**AIM OF THE TASK:**
In your reply, print every line of the listing exactly and omit all images.

**GIVEN INFORMATION:**
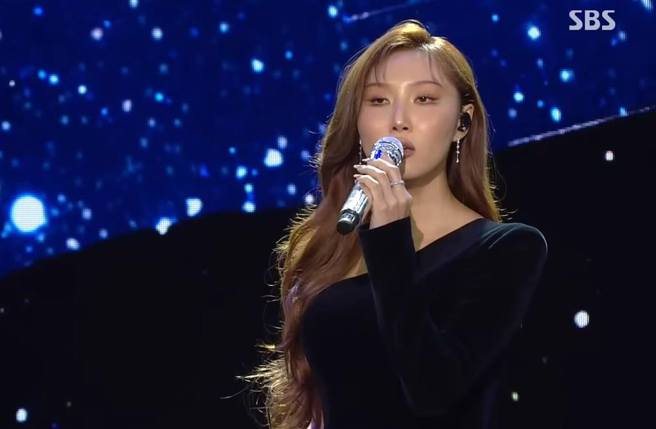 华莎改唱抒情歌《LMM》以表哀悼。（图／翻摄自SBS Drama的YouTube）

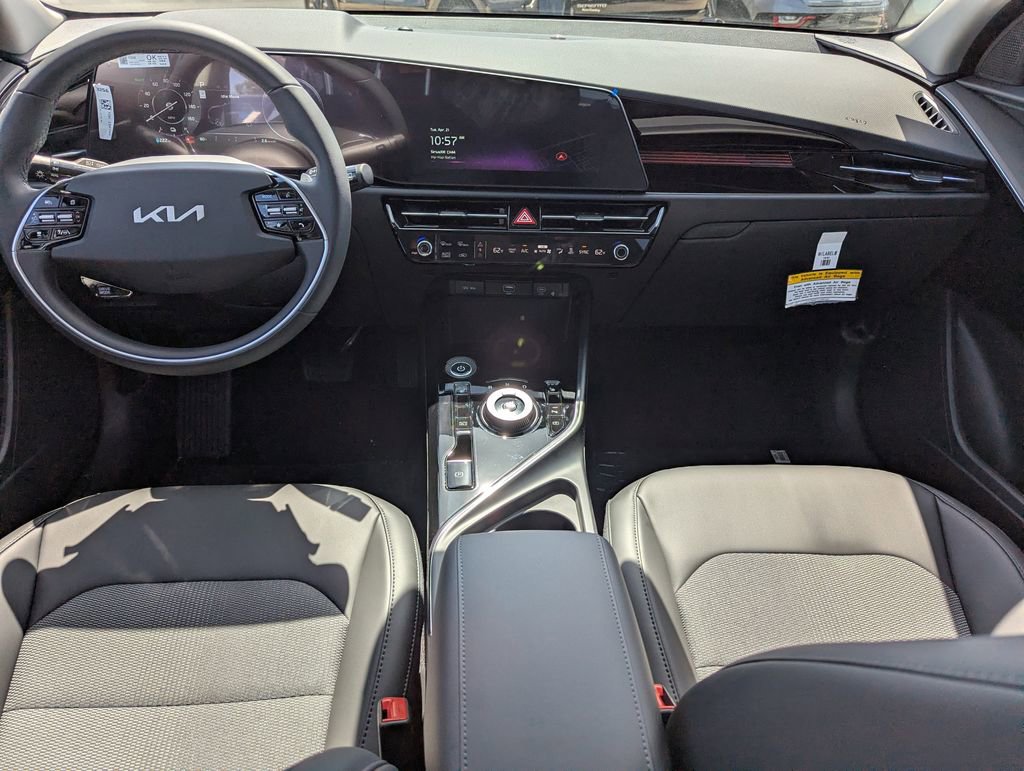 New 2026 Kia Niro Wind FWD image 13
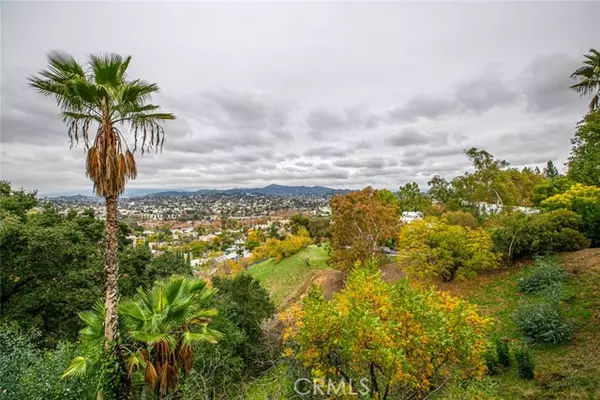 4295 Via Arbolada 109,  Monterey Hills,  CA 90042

**RESULT BELOW:**
 华莎改唱抒情歌《LMM》以表哀悼。（图／翻摄自SBS Drama的YouTube）

 New 2026 Kia Niro Wind FWD image 13
 4295 Via Arbolada 109,  Monterey Hills,  CA 90042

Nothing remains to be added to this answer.